■ PROBLEM REQUIREMENTS ■
Taking the line with "I'll go ahead" as the first and the line with "Bold colors and" as the last, set down the lines below exactly, pictures excluded.

Saved entries:
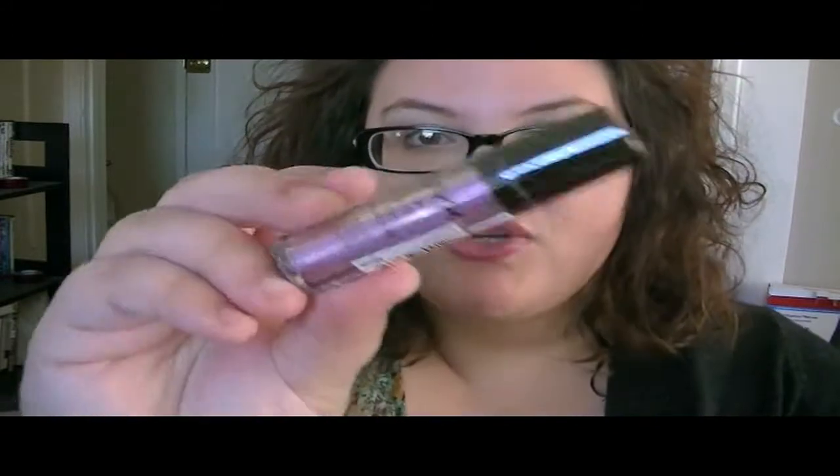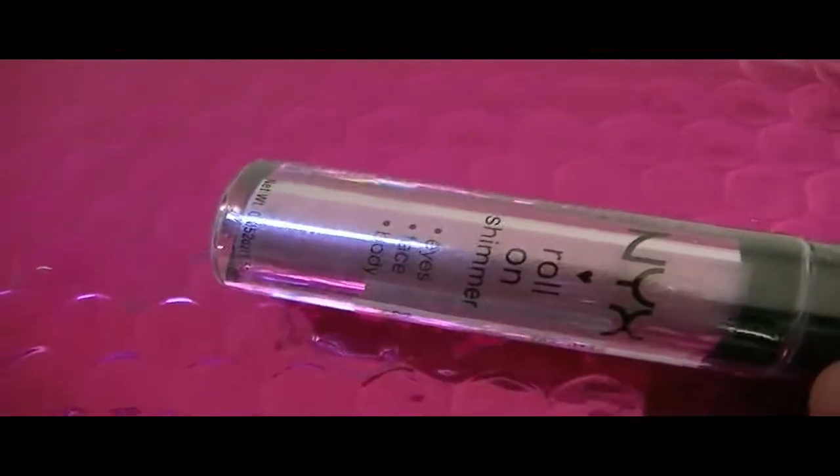This was actually something I really liked — the roll-on shimmer from NYX. You can put it on your eyes, face, and body, and it's a new product I have yet to try. I'm always impressed with NYX. I like their stuff and I like glitter, so I was kind of excited to get this. The chocolate and the NYX were the highlights for me — that's kind of where it ended personally.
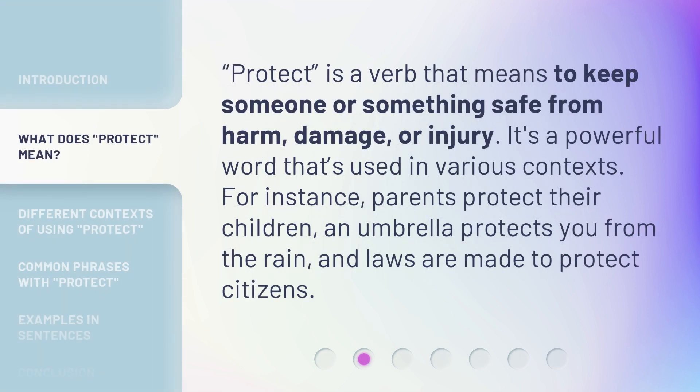Protect is a verb that means to keep someone or something safe from harm, damage, or injury. It's a powerful word that's used in various contexts. For instance, parents protect their children, an umbrella protects you from the rain, and laws are made to protect citizens.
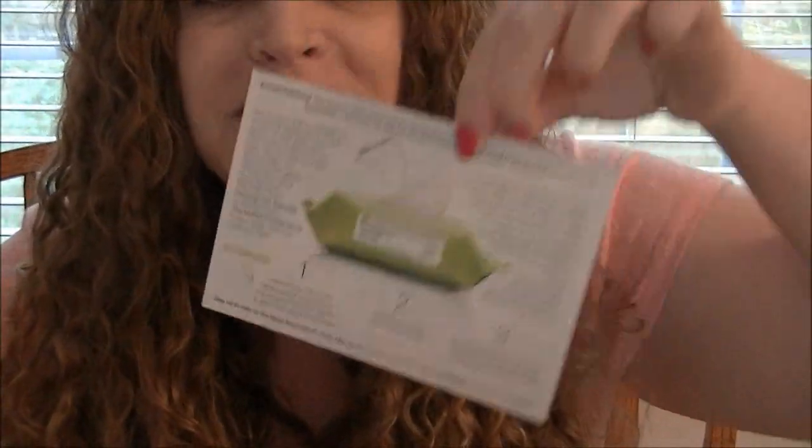I'll go ahead and read this entire thing to you all because I've had a lot of requests to make more reading videos. It says: 'Did you know that the average U.S. household wastes about 10,000 gallons of water every year? Start making a difference now. Every day you clean your face without water, you save up to five gallons of water from going down the drain.' That's crazy — I had no idea. 'Let Neutrogena Naturals make it easier for you to keep your face clean without using a drop of water.'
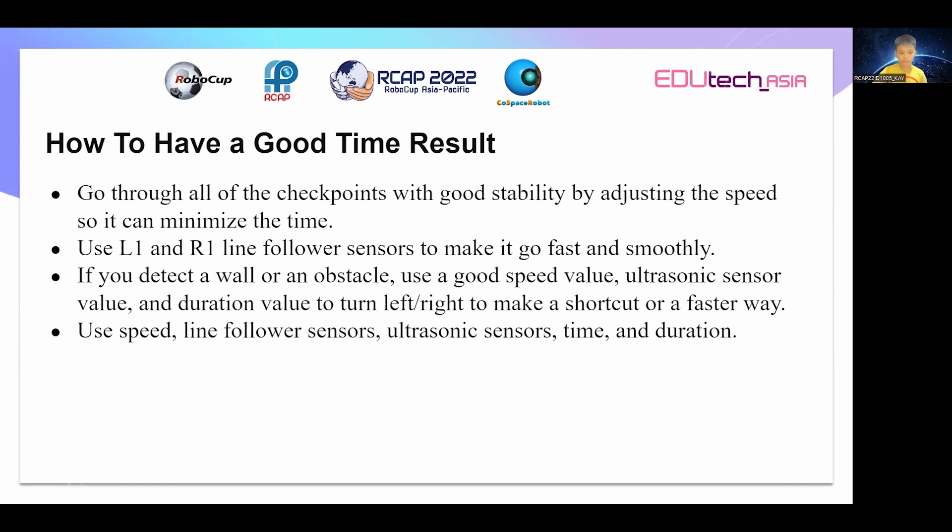Fourth, use speed, length follow-up sensors, ultrasonic sensors, time and duration.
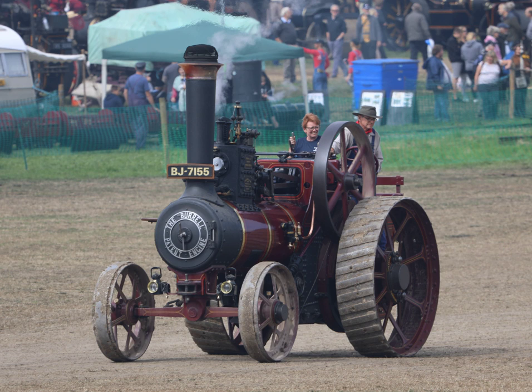A traction engine is a self-propelled steam engine used to move heavy loads on roads, plow ground, or to provide power at a chosen location. The name derives from the Latin tractus, meaning 'drawn,' since the prime function of any traction engine is to draw a load behind it.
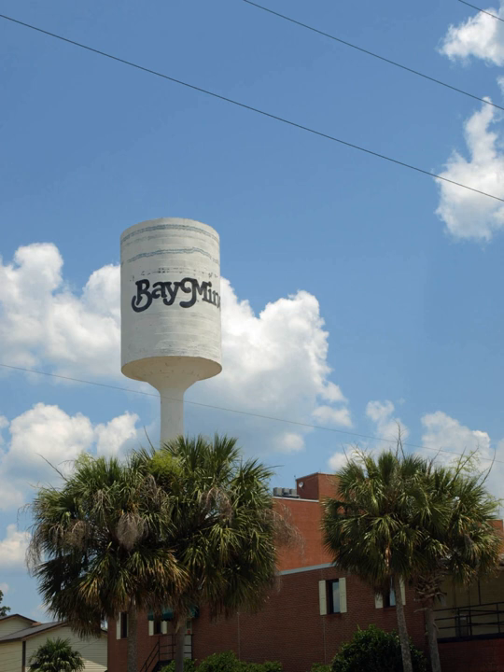Baymonet is a city in Baldwin County, Alabama. As of the 2010 census, the population of the city was 8,044. The city is the county seat of Baldwin County.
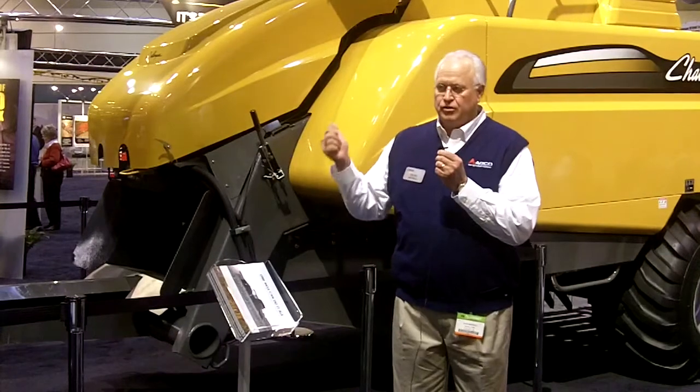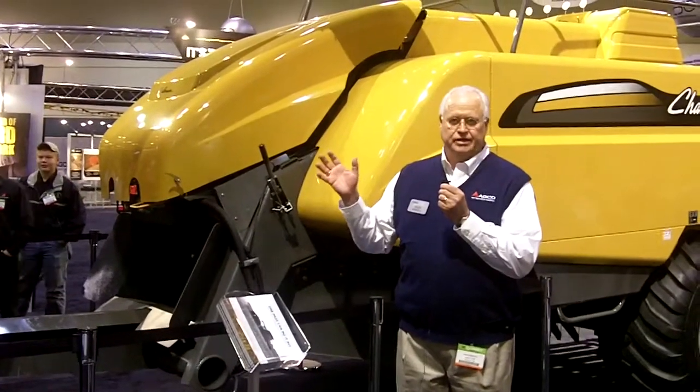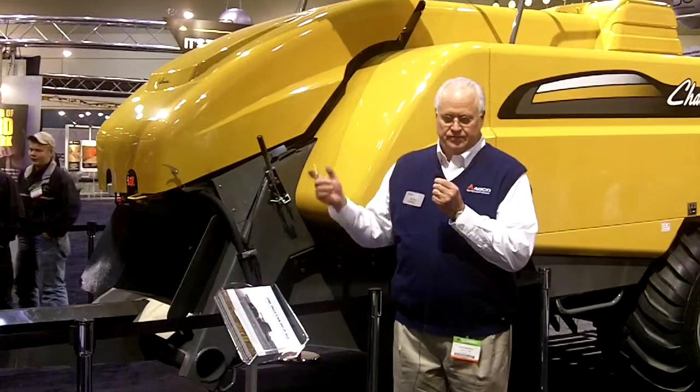Going through the field, we have the baler hooked to the combine. We can go through and still monitor everything we have behind us with the baler — the bales coming out, the flakes of the bale, to be able to produce this MOG bale.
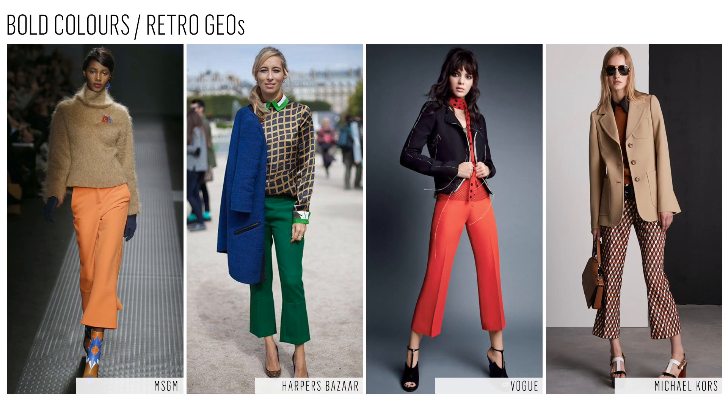Bold colors and retro geo patterns bring this shape to life, pairing it back to platforms and Mary Janes as well as the high shaft bootie.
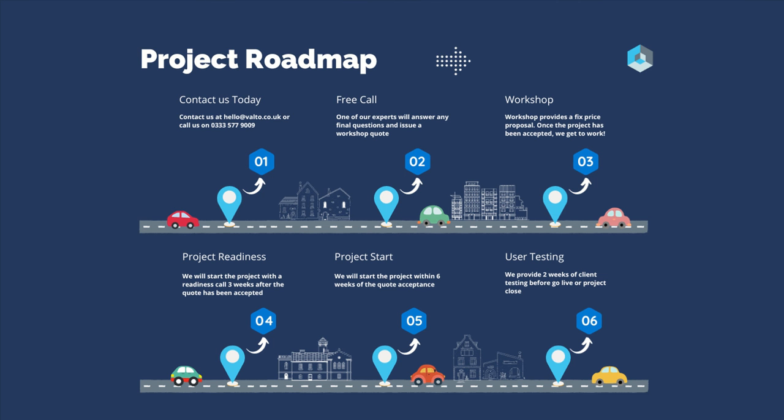Once you've signed off the project, we then go into the project readiness stage. This typically happens within three weeks of signing off the project. At that stage, we're going to talk to you about preparing your tenants to move. This will include data cleansing as well as coming up with a communication plan for your end users. We will also make sure that we have everything that we need from you and your team.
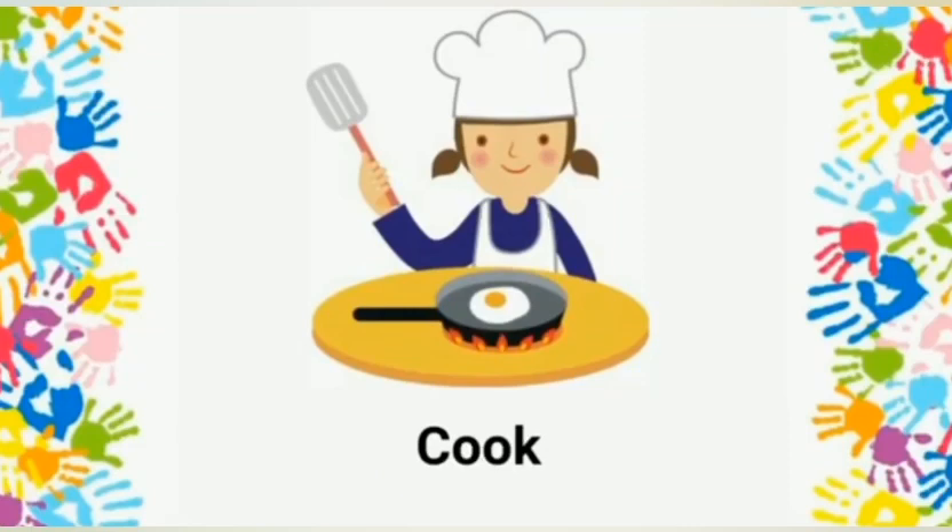Cook: a cook cooks delicious food for us. Thank you.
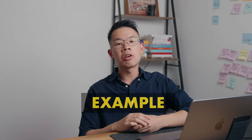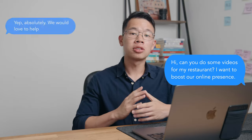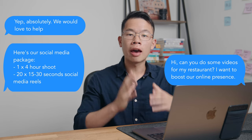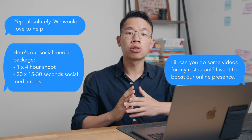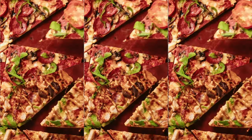Let me give you an example. If a local restaurant comes to you and wants to boost their social media page, I would offer them a social media package. This package would include a four-hour shoot and 20 social media reels. By proposing a package like this it makes it clear to the client — with these 20 social media clips we're creating for you, you can therefore reach your goal.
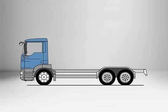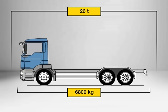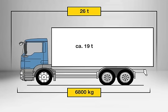For operations requiring high levels of traction, the TGM is available in a 6x4 axle configuration with a gross vehicle weight of 26 tons. Combined with a D08 engine, a power rating of 290 or 340 horsepower, and a compact C-cab, the chassis weighs only 6,800 kilograms when empty. This means that a payload of 19 tons is available for both vehicle body and load.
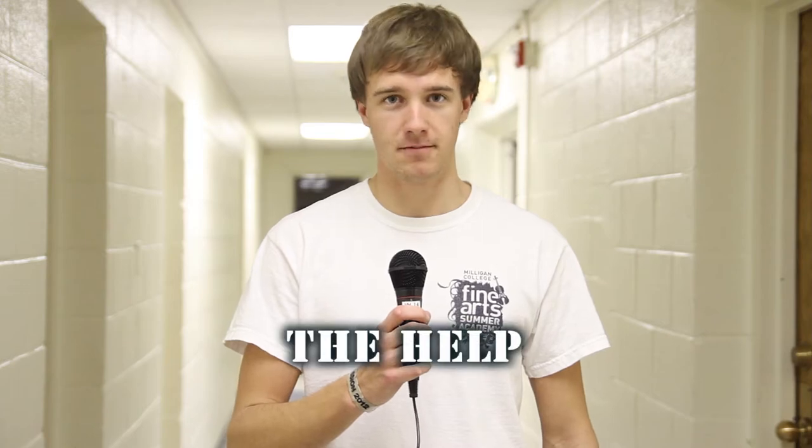Hi, this is Peter Nelson here to give you the first installment of a new segment from Stampede TV called The Help. Each segment will give you practical and relevant advice to help improve your life here at Milligan.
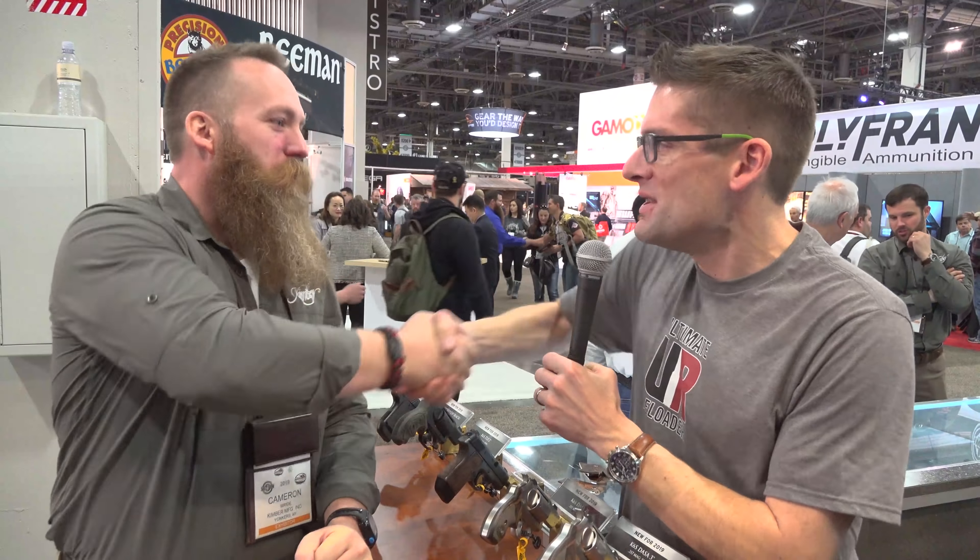The big question is: what do you all think? Do you want to see these Kimber revolvers? Do you want to see a trigger scan? Do you want to see them go through a torture test? I really like these things, so drop a comment and let us know which one you'd want to see. Thanks to Cameron for talking with me here at the show. Lots more SHOT Show 2019 content coming up, so make sure you're subscribed with notifications. Until next time, happy shooting and happy reloading.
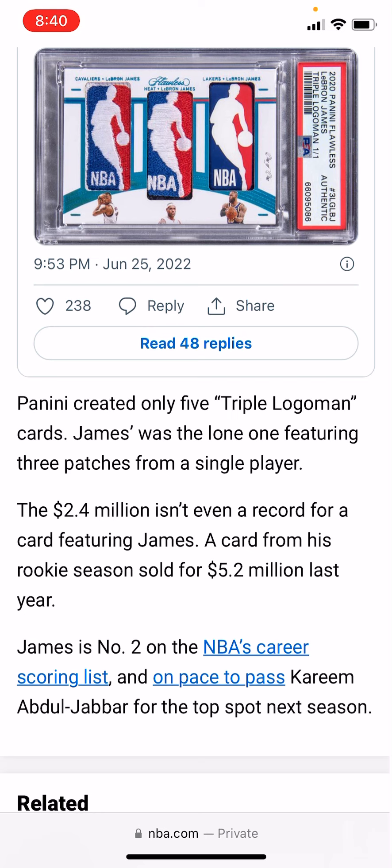He's on pace to be the NBA career scoring leader and should pass it next season. My thoughts on this: completely overhyped. The rest of the card market knew it, and sports card YouTubers — I'll give them credit — knew it too.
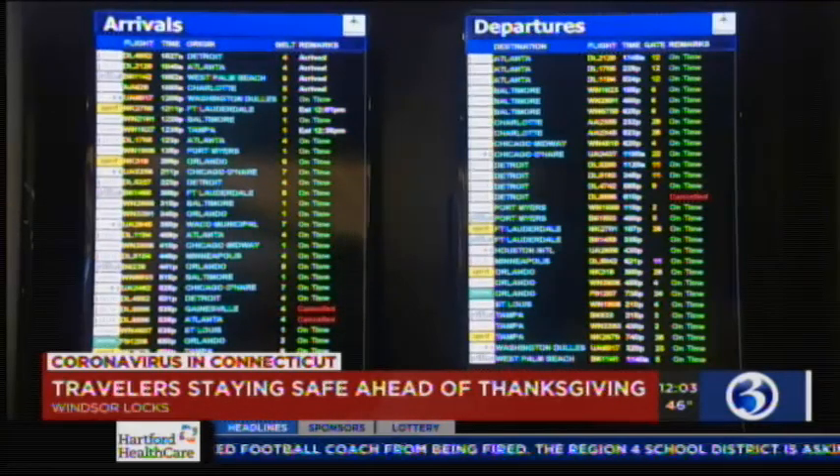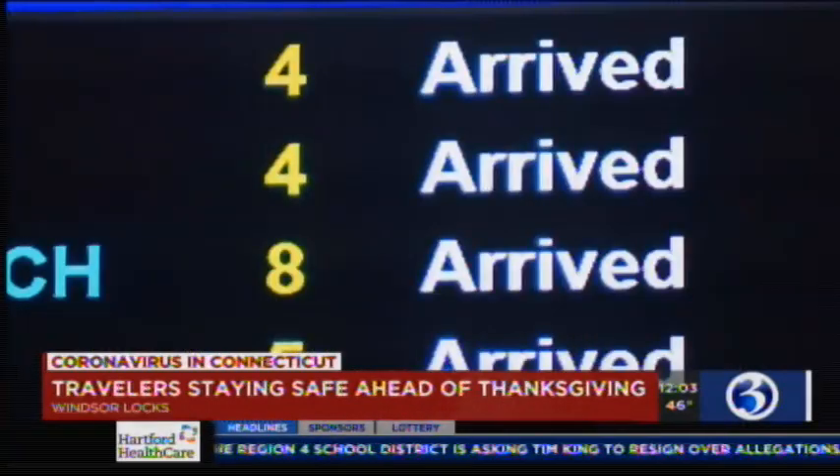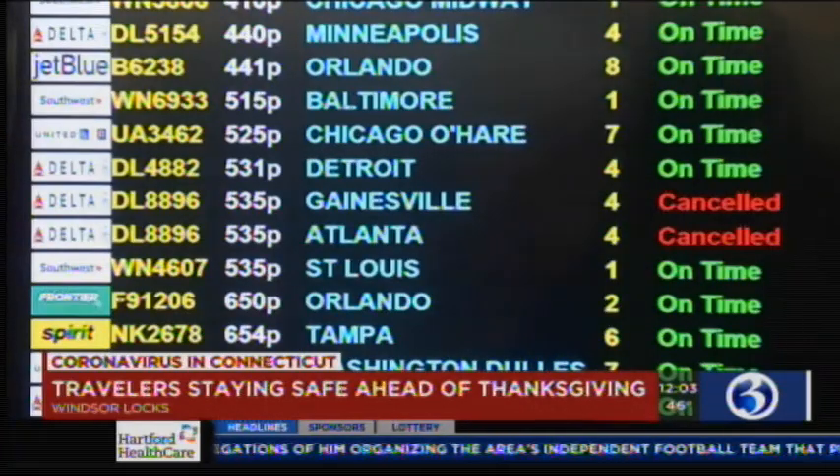The indoor location is at baggage claim. Appointments are urged just to get you in and out. These aren't rapid tests, but results are within 72 hours.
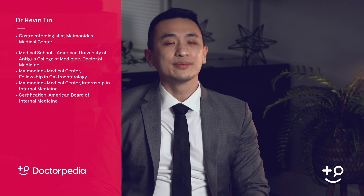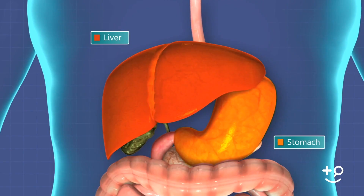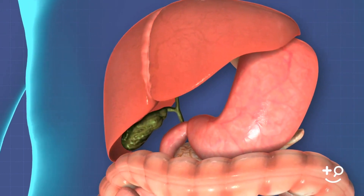What causes gallstones is not exactly clear. Some medical professionals believe it may be caused by an excess amount of cholesterol being released from the liver. Usually, the bile from your gallbladder will contain enough chemicals to break down any cholesterol.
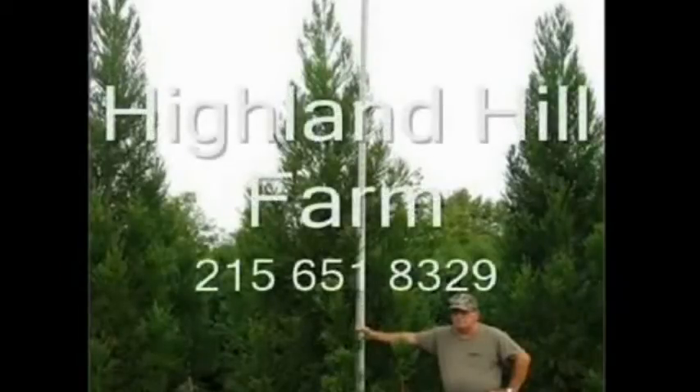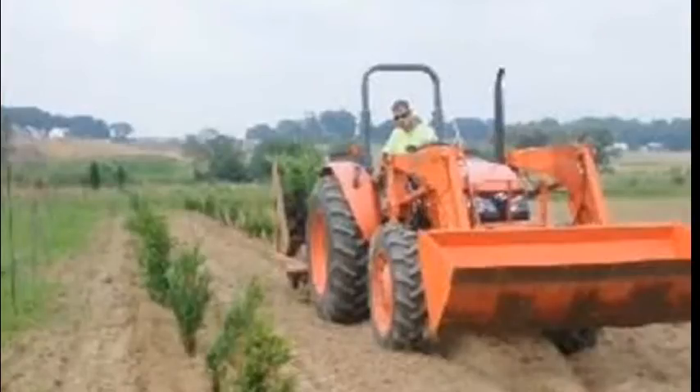This video is brought to you by Highland Hill Farm. We grow and sell screening and buffering trees for privacy and sound barriers.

■ TASK ANSWER ■
I'll go ahead and read this entire thing to you all because I've had a lot of requests to make more reading videos. It says: 'Did you know that the average U.S. household wastes about 10,000 gallons of water every year? Start making a difference now. Every day you clean your face without water, you save up to five gallons of water from going down the drain.' That's crazy — I had no idea. 'Let Neutrogena Naturals make it easier for you to keep your face clean without using a drop of water.'
Fourth, use speed, length follow-up sensors, ultrasonic sensors, time and duration.
A traction engine is a self-propelled steam engine used to move heavy loads on roads, plow ground, or to provide power at a chosen location. The name derives from the Latin tractus, meaning 'drawn,' since the prime function of any traction engine is to draw a load behind it.
Baymonet is a city in Baldwin County, Alabama. As of the 2010 census, the population of the city was 8,044. The city is the county seat of Baldwin County.
Going through the field, we have the baler hooked to the combine. We can go through and still monitor everything we have behind us with the baler — the bales coming out, the flakes of the bale, to be able to produce this MOG bale.
Bold colors and retro geo patterns bring this shape to life, pairing it back to platforms and Mary Janes as well as the high shaft bootie.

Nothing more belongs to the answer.